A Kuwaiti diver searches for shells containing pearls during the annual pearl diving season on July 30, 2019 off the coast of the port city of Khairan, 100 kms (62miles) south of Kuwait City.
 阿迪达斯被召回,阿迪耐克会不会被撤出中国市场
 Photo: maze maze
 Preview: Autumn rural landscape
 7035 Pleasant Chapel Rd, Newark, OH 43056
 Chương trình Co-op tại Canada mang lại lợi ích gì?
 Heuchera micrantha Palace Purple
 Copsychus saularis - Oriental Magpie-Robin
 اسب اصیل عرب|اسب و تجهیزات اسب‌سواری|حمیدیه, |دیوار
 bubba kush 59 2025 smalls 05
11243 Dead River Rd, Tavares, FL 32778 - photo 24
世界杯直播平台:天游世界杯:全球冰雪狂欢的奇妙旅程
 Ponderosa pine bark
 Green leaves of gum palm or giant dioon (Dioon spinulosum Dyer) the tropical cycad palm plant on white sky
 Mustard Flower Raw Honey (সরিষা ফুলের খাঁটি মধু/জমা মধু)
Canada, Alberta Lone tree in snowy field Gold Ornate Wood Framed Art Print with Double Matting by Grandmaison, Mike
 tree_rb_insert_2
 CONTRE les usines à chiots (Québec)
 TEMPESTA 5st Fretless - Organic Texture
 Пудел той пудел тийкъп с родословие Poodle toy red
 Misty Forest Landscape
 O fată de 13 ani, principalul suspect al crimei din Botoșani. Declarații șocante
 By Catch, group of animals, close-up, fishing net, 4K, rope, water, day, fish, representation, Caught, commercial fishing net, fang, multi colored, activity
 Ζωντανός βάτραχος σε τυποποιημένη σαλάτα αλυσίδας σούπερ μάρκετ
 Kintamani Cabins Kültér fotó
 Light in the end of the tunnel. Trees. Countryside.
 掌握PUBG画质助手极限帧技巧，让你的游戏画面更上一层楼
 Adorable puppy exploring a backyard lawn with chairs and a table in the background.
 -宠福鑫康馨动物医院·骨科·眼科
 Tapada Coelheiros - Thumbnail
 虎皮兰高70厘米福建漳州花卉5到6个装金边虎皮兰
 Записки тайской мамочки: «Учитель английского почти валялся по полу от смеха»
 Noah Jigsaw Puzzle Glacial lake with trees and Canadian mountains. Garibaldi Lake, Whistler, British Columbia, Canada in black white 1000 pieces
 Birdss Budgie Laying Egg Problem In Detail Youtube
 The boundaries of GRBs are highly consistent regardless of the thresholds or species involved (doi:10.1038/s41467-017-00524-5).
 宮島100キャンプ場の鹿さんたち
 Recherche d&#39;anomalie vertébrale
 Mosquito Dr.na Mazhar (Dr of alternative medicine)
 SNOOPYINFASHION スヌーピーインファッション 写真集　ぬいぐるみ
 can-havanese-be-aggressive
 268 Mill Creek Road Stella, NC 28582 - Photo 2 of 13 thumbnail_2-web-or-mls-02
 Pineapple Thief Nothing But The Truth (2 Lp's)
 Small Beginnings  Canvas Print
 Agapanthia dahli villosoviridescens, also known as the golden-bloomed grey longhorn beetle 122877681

* * *

All lines from the one that holds "Ζωντανός βάτραχος σε" through the end of the material, both ends included, should be restated exactly.

- ANSWER SPACE -
 Ζωντανός βάτραχος σε τυποποιημένη σαλάτα αλυσίδας σούπερ μάρκετ
 Kintamani Cabins Kültér fotó
 Light in the end of the tunnel. Trees. Countryside.
 掌握PUBG画质助手极限帧技巧，让你的游戏画面更上一层楼
 Adorable puppy exploring a backyard lawn with chairs and a table in the background.
 -宠福鑫康馨动物医院·骨科·眼科
 Tapada Coelheiros - Thumbnail
 虎皮兰高70厘米福建漳州花卉5到6个装金边虎皮兰
 Записки тайской мамочки: «Учитель английского почти валялся по полу от смеха»
 Noah Jigsaw Puzzle Glacial lake with trees and Canadian mountains. Garibaldi Lake, Whistler, British Columbia, Canada in black white 1000 pieces
 Birdss Budgie Laying Egg Problem In Detail Youtube
 The boundaries of GRBs are highly consistent regardless of the thresholds or species involved (doi:10.1038/s41467-017-00524-5).
 宮島100キャンプ場の鹿さんたち
 Recherche d&#39;anomalie vertébrale
 Mosquito Dr.na Mazhar (Dr of alternative medicine)
 SNOOPYINFASHION スヌーピーインファッション 写真集　ぬいぐるみ
 can-havanese-be-aggressive
 268 Mill Creek Road Stella, NC 28582 - Photo 2 of 13 thumbnail_2-web-or-mls-02
 Pineapple Thief Nothing But The Truth (2 Lp's)
 Small Beginnings  Canvas Print
 Agapanthia dahli villosoviridescens, also known as the golden-bloomed grey longhorn beetle 122877681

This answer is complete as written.